English mycologist and naturalist

Gulielma Lister (28 October 1860 – 18 May 1949) was a British botanist and mycologist who was considered an international authority on Mycetozoa.

==Life==
Lister was born in Sycamore House, 881 High Road, Leytonstone (East London) on 28 October 1860, one of seven children of Susanna Tindall and Arthur Lister. She was born into a prominent Quaker family, being the granddaughter of J.J. Lister and niece of Lord Lister. Lister was educated at home save for one year at Bedford College for Women. It was this time in Bedford that gave Lister a grounding in systematic and structural botany. Lister's mother was a formally trained artist, which appears to have been part of Lister's home schooling.

Lister spent her life in Leytonstone, and the family summer house in Lyme Regis, where she conducted much of her field work. Lister died in the house where she was born on 18 May 1949, following a stroke. She is commemorated at grave number 07 at the Quaker Meeting House in Bush Road where her ashes were scattered.

==Botanical and mycological work==
Lister's interest in natural history was due to her father, who although a wine merchant, dedicated much of his time to the study of Mycetozoa. She acted as his field and laboratory assistant in his work. Lister first helped her father in the compilation of his 1894 work A monograph of the Mycetozoa, going on to revise and expand the work with two further editions in 1911 and 1925. These further additions featured coloured plates of Lister's watercolour illustrations.

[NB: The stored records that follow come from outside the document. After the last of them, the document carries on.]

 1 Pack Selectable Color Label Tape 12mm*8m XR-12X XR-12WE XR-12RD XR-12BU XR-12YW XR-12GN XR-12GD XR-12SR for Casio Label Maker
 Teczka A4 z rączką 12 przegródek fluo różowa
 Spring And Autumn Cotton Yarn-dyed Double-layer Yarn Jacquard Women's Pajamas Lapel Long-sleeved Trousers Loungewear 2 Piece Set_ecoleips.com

She also began working in the collections of British Museum (Natural History), London with her father around this time. In 1895 her father wrote the first edition of the Guide to the British Mycetozoa exhibited in the Department of Botany, British Museum (Natural History) with her help, and after his death she revised new editions of this guide. She never held an official appointment at the museum.

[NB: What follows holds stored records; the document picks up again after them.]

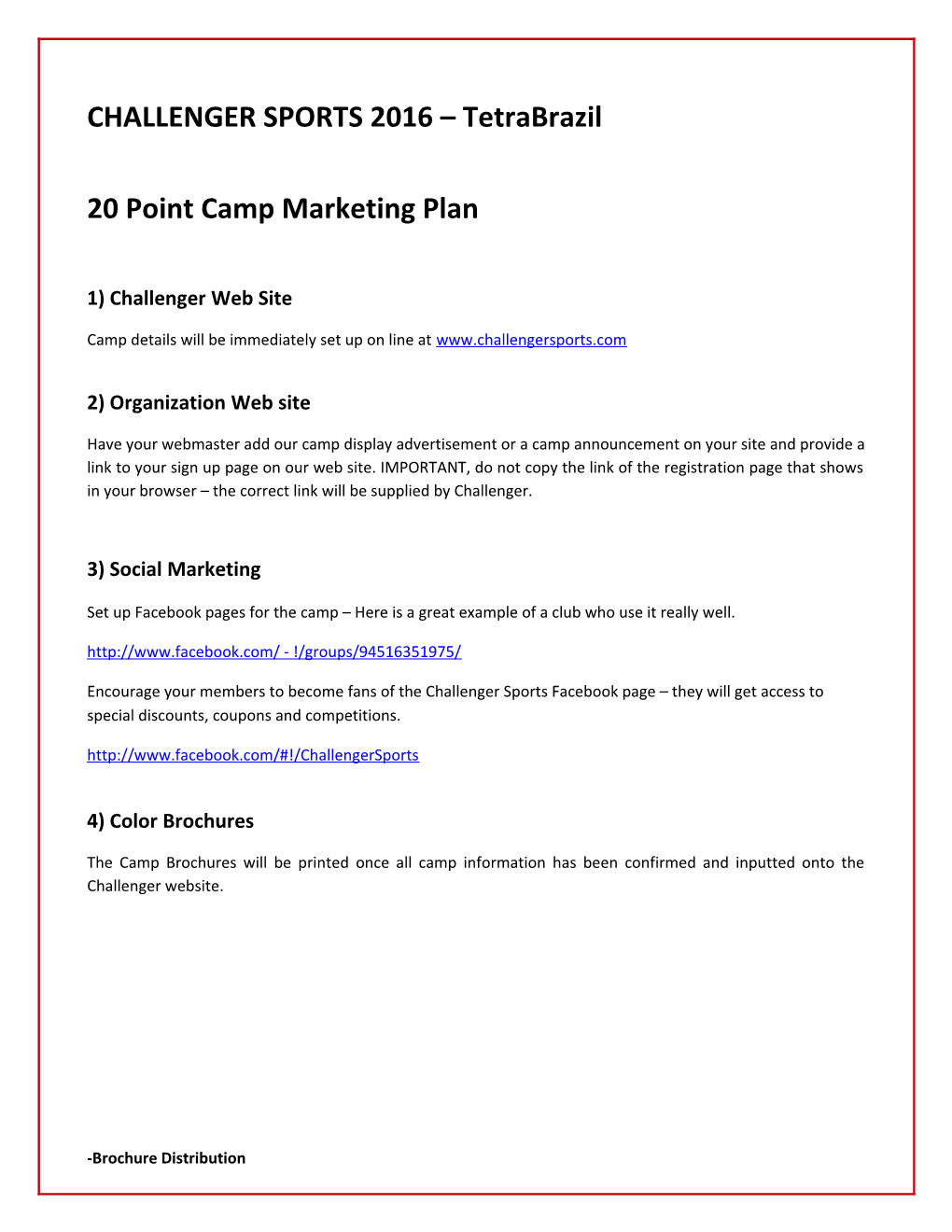 20 Point Camp Marketing Plan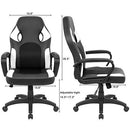 Furmax Office Chair Desk Leather Gaming Chair, High Back Ergonomic Adjustable Racing Chair,Task Swivel Executive Computer Chair Headrest and Lumbar Support (Black)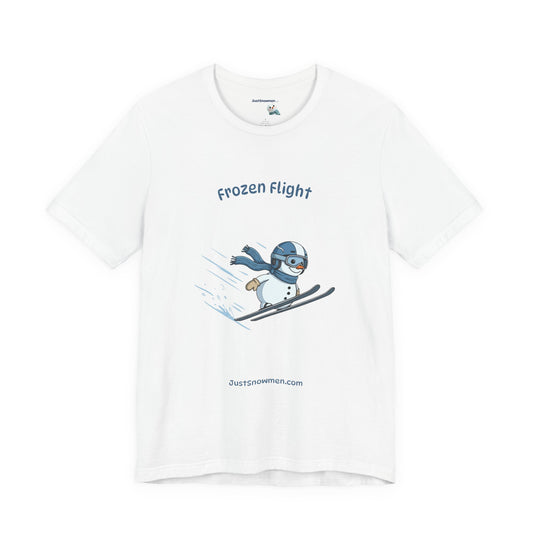 "Frozen Flight" Snowman Ski Jump Graphic Tee | Soft Cotton T-Shirt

She was a contemporary of Annie Lorrain Smith and Ethel Barton. She catalogued and studied botanical collections in Kew Gardens, Natural History Museum, Paris, and the University of Strasbourg.

Lister was an active member of the British Mycological Society from 1903, being one of the first 100 founding members. She was president in 1912 and 1932, and her dedication to the group was recognised in 1924 when she was made an honorary member. She also served as President of the Essex Field Club from 1916-1919, the first woman to hold the position. After this she was the vice-president permanently. She was elected as one of the first women fellows of the Linnean Society of London in December 1904, a council member (1915–1917, 1927–1931) and vice-president (1929–1931). From 1917 until her death, Lister was a trustee of the Botanical Research Fund, and was chair of the School Nature Study Union for a number of years.

Lister corresponded with mycologists from all over the world, including the Emperor of Japan, who sent her a pair of enamel vases to thank her for her help in his studies. She travelled frequently with Alice Hibbert-Ware, naturalist and member of the Linnean Society of London, to Europe and New Zealand to birdwatch and study fungi. Lister learnt Polish to read the work of Jósef Tomasz Rostafinski in the study of British and European Myxogastria. She contributed to the Royal Irish Academy's Clare Island Survey, and is credited by Robert Lloyd Praeger in aiding in the advancement of Mycetozoa study in Ireland. Lister also had an interest in animals, birds and coniferous trees. She provided the illustrations for Dallimore and Jackson's Handbook of Coniferae and F. J. Hanbury's Illustrated Monograph of the British Hieracia.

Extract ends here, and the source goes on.